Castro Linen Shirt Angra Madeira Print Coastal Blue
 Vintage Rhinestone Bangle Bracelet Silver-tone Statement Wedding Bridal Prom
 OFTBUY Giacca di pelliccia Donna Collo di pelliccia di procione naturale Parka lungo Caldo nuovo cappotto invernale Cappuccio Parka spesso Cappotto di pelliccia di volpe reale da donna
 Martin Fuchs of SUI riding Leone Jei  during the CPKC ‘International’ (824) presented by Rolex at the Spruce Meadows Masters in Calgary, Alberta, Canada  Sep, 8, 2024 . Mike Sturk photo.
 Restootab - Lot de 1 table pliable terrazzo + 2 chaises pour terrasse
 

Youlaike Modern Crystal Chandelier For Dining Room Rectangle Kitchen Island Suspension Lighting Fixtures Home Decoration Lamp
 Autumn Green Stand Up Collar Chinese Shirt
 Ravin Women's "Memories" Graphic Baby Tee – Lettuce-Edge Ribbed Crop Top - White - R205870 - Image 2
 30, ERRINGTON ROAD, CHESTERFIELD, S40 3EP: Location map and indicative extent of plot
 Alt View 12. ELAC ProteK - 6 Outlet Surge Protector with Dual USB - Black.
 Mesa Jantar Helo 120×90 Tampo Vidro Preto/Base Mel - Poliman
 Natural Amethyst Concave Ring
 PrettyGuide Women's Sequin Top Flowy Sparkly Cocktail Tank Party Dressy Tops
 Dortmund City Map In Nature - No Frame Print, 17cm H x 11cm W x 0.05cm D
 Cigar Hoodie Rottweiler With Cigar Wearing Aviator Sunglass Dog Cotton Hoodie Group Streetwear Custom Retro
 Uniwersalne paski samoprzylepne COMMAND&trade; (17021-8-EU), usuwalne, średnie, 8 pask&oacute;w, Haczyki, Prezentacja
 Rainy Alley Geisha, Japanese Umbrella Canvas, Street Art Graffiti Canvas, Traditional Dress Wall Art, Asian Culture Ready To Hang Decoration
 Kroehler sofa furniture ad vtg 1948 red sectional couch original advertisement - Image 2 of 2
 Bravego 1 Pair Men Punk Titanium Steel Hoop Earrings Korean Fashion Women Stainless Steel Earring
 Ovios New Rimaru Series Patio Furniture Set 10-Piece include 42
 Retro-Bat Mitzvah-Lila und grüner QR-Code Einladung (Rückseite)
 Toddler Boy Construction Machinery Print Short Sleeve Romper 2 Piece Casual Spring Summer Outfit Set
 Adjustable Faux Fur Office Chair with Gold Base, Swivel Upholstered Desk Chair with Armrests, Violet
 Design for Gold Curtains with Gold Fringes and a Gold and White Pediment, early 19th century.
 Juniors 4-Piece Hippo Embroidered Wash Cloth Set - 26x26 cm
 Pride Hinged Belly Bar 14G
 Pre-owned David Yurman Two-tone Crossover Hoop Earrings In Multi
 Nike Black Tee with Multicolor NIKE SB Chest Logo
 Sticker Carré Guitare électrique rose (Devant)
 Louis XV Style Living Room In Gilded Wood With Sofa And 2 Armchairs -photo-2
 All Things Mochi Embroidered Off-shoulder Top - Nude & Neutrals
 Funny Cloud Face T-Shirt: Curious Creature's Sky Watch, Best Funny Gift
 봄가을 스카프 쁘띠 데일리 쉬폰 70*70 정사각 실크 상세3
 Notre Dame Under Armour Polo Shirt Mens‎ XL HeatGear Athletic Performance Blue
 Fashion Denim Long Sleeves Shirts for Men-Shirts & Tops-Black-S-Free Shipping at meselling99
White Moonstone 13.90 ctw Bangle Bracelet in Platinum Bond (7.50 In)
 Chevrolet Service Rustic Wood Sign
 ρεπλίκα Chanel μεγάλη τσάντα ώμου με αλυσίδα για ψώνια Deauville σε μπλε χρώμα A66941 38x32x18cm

* _Task prompt_
From the listing above, the lines starting with the one that has "Natural Amethyst Concave Ring" and running through the one that has "Cigar Hoodie Rottweiler" should be copied exactly, ends included.

* _Result for this exercise_
 Natural Amethyst Concave Ring
 PrettyGuide Women's Sequin Top Flowy Sparkly Cocktail Tank Party Dressy Tops
 Dortmund City Map In Nature - No Frame Print, 17cm H x 11cm W x 0.05cm D
 Cigar Hoodie Rottweiler With Cigar Wearing Aviator Sunglass Dog Cotton Hoodie Group Streetwear Custom Retro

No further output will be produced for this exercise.